WHAT TO DO:
Among the entries below, how many lines contain the string "Nissan"? Only the number, please.

DATA LISTING:
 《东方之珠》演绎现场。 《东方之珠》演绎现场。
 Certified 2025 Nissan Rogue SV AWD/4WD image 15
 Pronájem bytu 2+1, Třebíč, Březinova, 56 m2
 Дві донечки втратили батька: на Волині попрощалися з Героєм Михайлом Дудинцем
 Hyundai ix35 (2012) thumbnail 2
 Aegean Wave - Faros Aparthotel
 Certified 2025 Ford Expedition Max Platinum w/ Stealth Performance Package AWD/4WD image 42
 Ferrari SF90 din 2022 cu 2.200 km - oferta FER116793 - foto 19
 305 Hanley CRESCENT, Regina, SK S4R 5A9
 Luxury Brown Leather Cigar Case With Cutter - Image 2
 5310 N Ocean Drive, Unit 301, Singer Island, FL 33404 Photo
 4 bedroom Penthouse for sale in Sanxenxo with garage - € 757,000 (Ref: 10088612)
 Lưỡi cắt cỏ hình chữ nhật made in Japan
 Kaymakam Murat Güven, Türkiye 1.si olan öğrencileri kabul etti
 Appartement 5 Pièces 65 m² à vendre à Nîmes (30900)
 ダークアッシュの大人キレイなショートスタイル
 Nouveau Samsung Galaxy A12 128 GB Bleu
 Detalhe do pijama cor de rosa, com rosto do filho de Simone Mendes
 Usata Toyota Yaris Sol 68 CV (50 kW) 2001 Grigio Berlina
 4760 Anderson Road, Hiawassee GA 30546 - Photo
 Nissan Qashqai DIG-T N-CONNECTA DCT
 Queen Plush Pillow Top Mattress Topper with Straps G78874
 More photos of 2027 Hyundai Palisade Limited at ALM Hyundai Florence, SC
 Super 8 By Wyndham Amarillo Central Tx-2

RESULT OF THIS EXERCISE:
2